* **Task to carry out**:
Write out again the lines from the line with "Portrait of a" up to and including the line with "Grupa osób. Osoby", exactly as they stand below, and skip any picture.

* **Exercise inputs**:
--*--

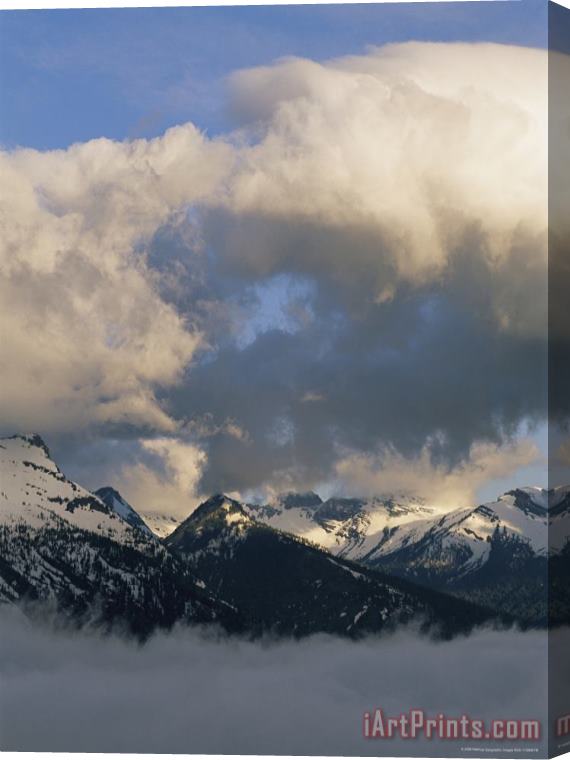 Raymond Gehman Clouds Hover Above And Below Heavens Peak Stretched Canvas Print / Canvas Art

--*--

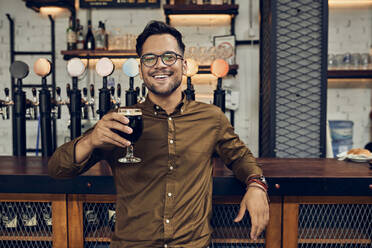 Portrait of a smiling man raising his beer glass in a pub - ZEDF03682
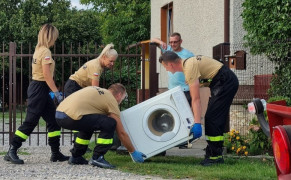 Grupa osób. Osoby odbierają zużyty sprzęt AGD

--*--

* **Solution for this exercise**:
 Portrait of a smiling man raising his beer glass in a pub - ZEDF03682
 Grupa osób. Osoby odbierają zużyty sprzęt AGD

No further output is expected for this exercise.